Data records –

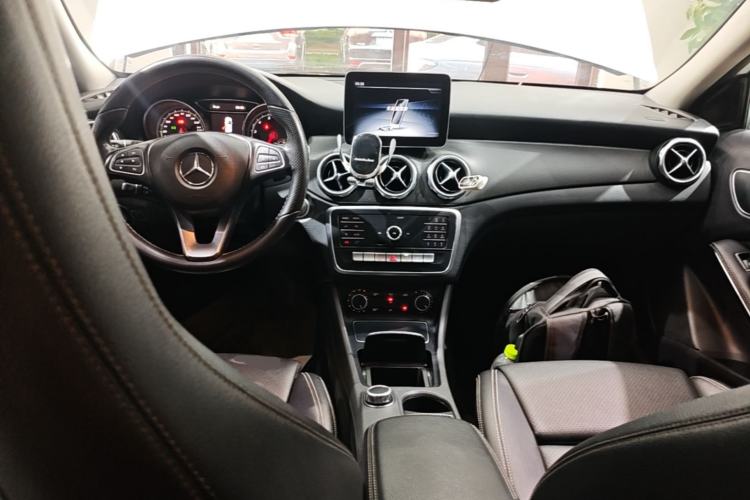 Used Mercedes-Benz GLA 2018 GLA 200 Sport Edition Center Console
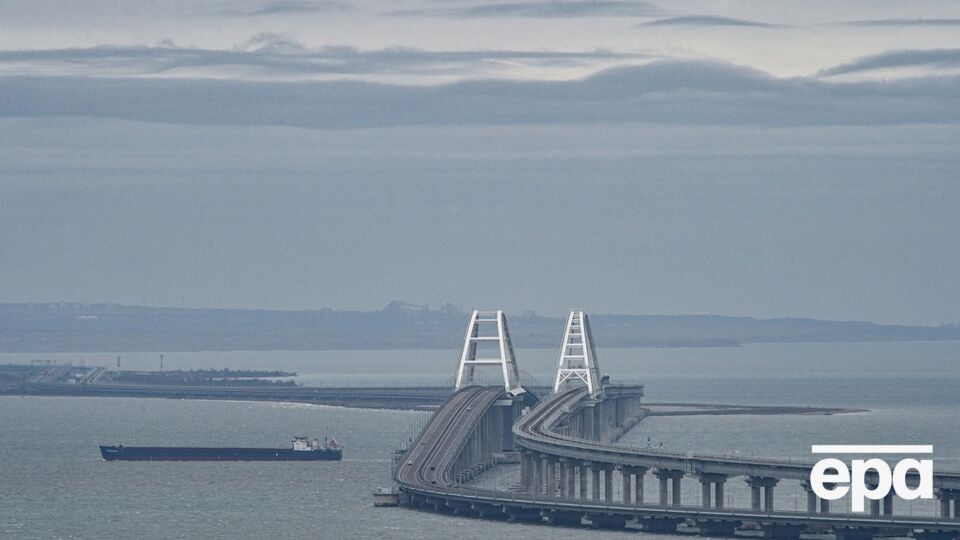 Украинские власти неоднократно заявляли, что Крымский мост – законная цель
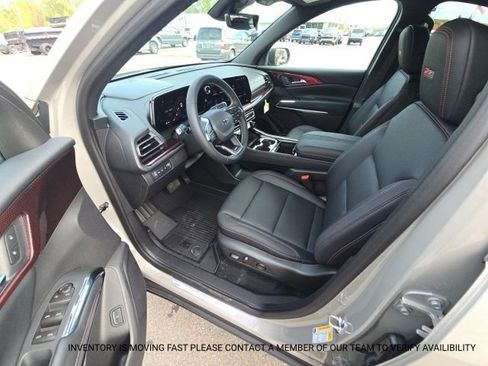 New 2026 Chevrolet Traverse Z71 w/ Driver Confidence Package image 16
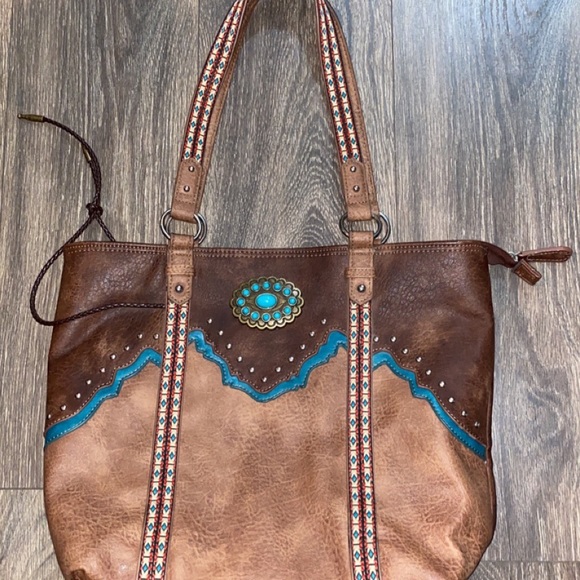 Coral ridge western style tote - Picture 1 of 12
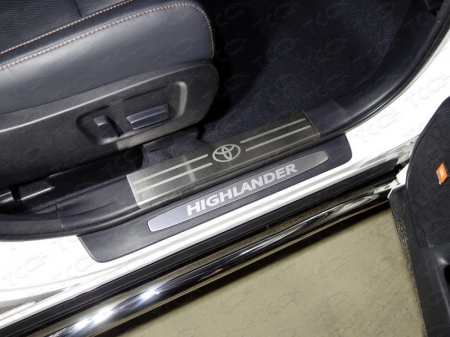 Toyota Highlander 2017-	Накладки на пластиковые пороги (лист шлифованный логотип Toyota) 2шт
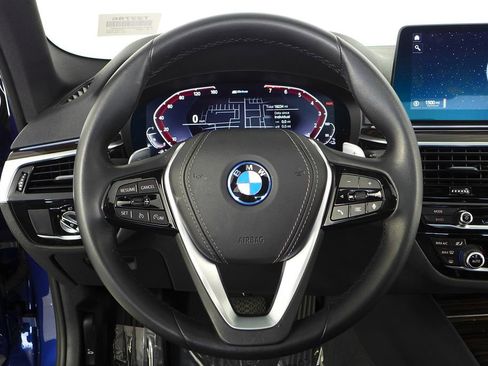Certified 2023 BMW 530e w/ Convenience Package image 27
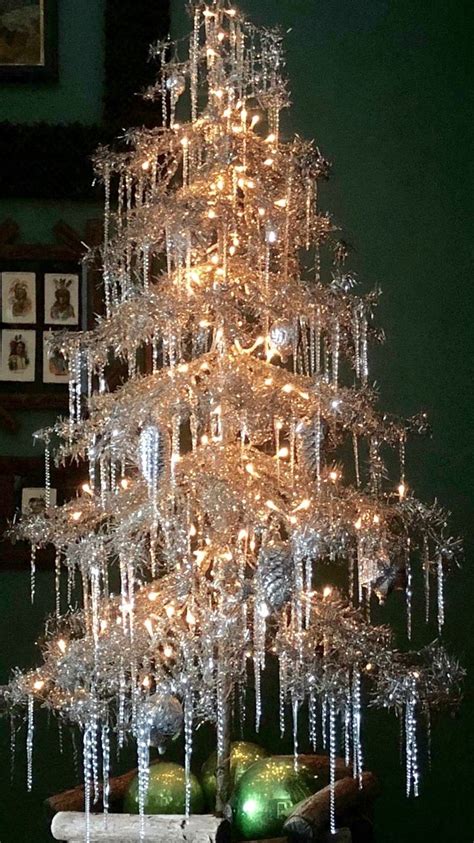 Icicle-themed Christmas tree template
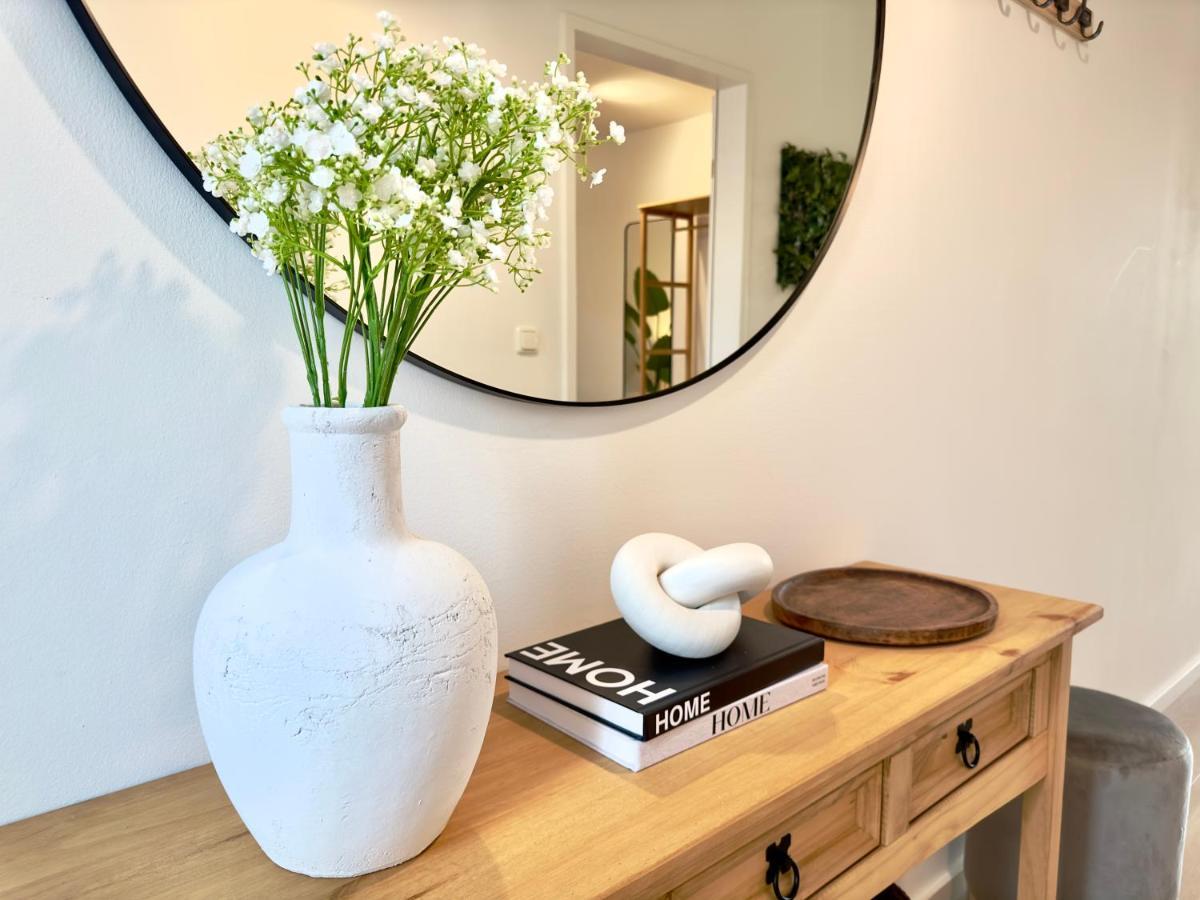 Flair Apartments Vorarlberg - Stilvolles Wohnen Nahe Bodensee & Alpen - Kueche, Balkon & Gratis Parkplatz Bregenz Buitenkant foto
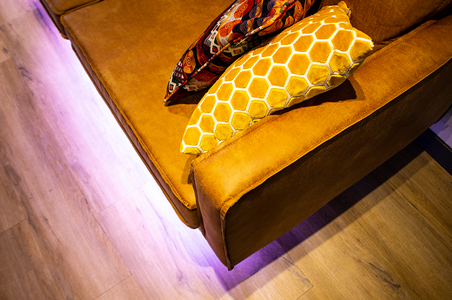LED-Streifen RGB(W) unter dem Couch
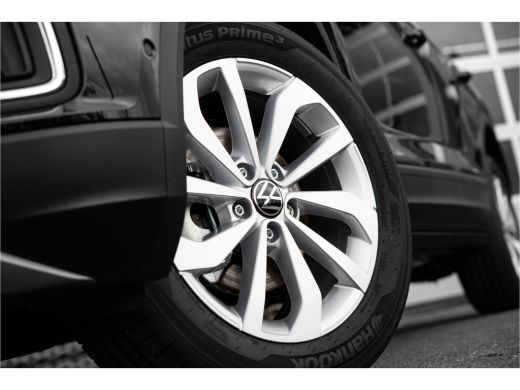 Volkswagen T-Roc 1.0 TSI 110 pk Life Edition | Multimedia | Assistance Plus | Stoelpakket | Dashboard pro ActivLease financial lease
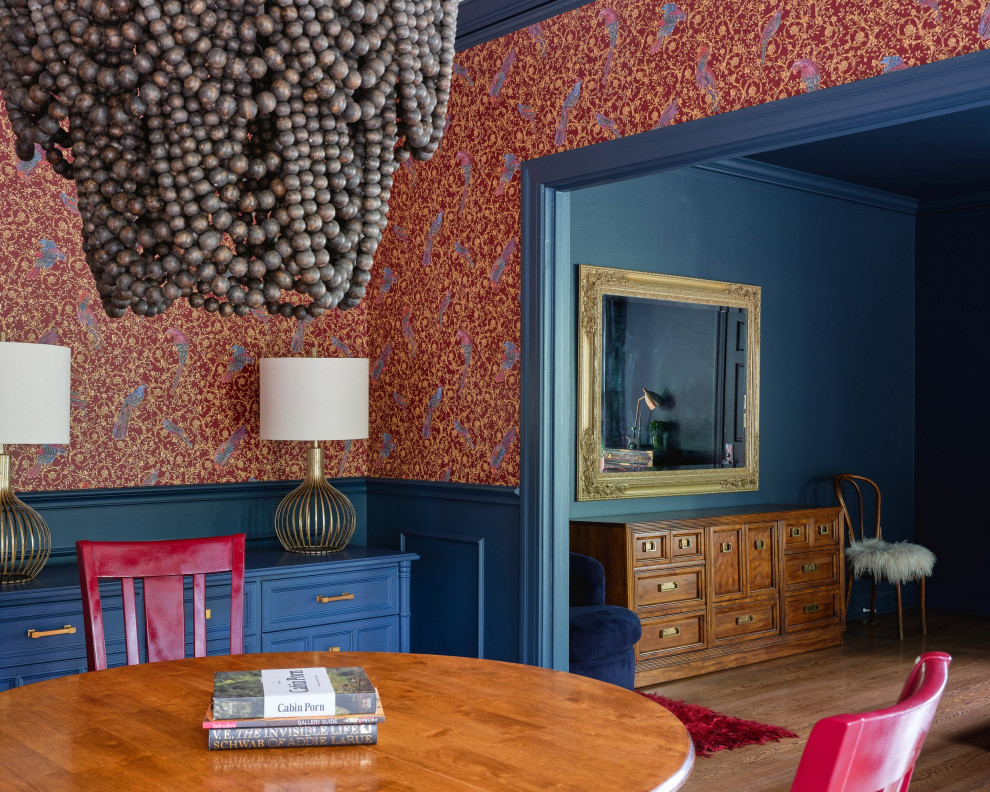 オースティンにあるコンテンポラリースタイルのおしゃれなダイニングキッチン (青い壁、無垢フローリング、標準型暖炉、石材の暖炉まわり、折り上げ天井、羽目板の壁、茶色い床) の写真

Aim of the exercise – Working from the lines above, reproduce the material exactly and exclude its pictures.

Exercise response –
 Used Mercedes-Benz GLA 2018 GLA 200 Sport Edition Center Console
 Украинские власти неоднократно заявляли, что Крымский мост – законная цель
 New 2026 Chevrolet Traverse Z71 w/ Driver Confidence Package image 16
 Coral ridge western style tote - Picture 1 of 12
 Toyota Highlander 2017-	Накладки на пластиковые пороги (лист шлифованный логотип Toyota) 2шт
Certified 2023 BMW 530e w/ Convenience Package image 27
 Icicle-themed Christmas tree template
 Flair Apartments Vorarlberg - Stilvolles Wohnen Nahe Bodensee & Alpen - Kueche, Balkon & Gratis Parkplatz Bregenz Buitenkant foto
LED-Streifen RGB(W) unter dem Couch
 Volkswagen T-Roc 1.0 TSI 110 pk Life Edition | Multimedia | Assistance Plus | Stoelpakket | Dashboard pro ActivLease financial lease
 オースティンにあるコンテンポラリースタイルのおしゃれなダイニングキッチン (青い壁、無垢フローリング、標準型暖炉、石材の暖炉まわり、折り上げ天井、羽目板の壁、茶色い床) の写真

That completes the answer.